Aetna Locks Up with Microsoft

Insurance company Aetna has become the first major insurer to sign on to Microsoft’s HealthVault platform, saying it will offer customers the ability to transfer personal information and medical records to a HealthVault account. Once in a HealthVault account, users will be able to dictate who can have access to their medical information, including health care providers, health plans, and even Web-based applications.

Aetna customers will be able to transfer information from Aetna’s Personal Health Record (PHR) system to a HealthVault account in November; beginning at some point in 2009, customers will also be able to transfer information from a HealthVault account to Aetna PHR.

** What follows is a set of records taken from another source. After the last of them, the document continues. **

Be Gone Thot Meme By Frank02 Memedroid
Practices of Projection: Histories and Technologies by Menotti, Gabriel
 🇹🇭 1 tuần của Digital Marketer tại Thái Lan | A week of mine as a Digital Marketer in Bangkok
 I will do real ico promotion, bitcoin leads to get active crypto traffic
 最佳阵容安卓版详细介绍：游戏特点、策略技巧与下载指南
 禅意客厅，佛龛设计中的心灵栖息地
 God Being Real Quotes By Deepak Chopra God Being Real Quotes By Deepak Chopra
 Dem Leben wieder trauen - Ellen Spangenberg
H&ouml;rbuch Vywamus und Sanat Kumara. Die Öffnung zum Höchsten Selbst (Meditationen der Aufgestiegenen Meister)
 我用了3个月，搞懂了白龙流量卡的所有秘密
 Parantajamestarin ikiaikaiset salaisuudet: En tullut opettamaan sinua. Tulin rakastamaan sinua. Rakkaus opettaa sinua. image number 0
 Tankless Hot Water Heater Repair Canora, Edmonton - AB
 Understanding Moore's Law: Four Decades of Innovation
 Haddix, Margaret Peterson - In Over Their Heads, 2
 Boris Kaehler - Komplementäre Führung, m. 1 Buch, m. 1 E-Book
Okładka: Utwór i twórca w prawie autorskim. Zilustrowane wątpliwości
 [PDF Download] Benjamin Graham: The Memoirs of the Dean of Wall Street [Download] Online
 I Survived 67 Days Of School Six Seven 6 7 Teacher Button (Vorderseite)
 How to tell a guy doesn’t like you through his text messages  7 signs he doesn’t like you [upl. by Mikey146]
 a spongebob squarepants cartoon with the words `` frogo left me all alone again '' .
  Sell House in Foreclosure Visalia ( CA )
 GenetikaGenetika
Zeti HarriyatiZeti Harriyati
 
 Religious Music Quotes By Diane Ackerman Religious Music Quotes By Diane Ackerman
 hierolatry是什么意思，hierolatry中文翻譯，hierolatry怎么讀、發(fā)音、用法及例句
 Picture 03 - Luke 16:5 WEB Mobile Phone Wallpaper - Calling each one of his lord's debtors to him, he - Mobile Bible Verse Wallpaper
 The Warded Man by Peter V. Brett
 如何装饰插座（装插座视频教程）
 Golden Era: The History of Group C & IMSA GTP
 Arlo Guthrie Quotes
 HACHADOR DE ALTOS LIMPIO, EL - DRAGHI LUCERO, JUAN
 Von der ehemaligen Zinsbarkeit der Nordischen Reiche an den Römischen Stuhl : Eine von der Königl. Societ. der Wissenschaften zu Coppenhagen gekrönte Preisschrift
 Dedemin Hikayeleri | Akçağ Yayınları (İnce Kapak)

Aetna’s PHR currently supports about 6 million users, and can include a wide variety of health information including health histories as well as information on physicians, labs, pharmacies, and other providers. The system also integrates with Aetnas’a online wellness program.

“Through our PHR, we have been able to offer our members a tool to help them take control of their health, based on the belief that members own their information and should have access to that information in a secure, easy to use online record,” said Aetna President Mark Bertolini, in a statement. “By teaming up with Microsoft, we can now offer them the ability to have continuous access to their health information.”

Users will be able to use HealthVault to monitor status of insurance claims, as well as to store any personal health information they want to add. Users can then specifically enable providers to access that information, controlling who has access to potentially-sensitive health information.

The goal of systems like HealthVault is to provide simplified, consistent access to medical records and patient information, helping both patients and providers avoid record-keeping errors, unnecessary testing, and other inefficiencies. Currently, most health care providers and insurers maintain separate files on patients; patients may have little or no access to that information, little or no control over who may view it, and have no way of knowing whether the records are accurate and up-to-date.

Microsoft says it has gone to great lengths to ensure information stored in HealthVault is secure, but, of course, online storage of medical records raises significant privacy concerns. There are also legal privacy concerns with services like HealthVault: although privacy laws require health care providers to secure medical records, there are very standards regulating how third parties must handle private medical information. HealthVault—and the competing Google Health platform—operate under the new Connecting for Health framework set up earlier this year to protect patient information and confidential data.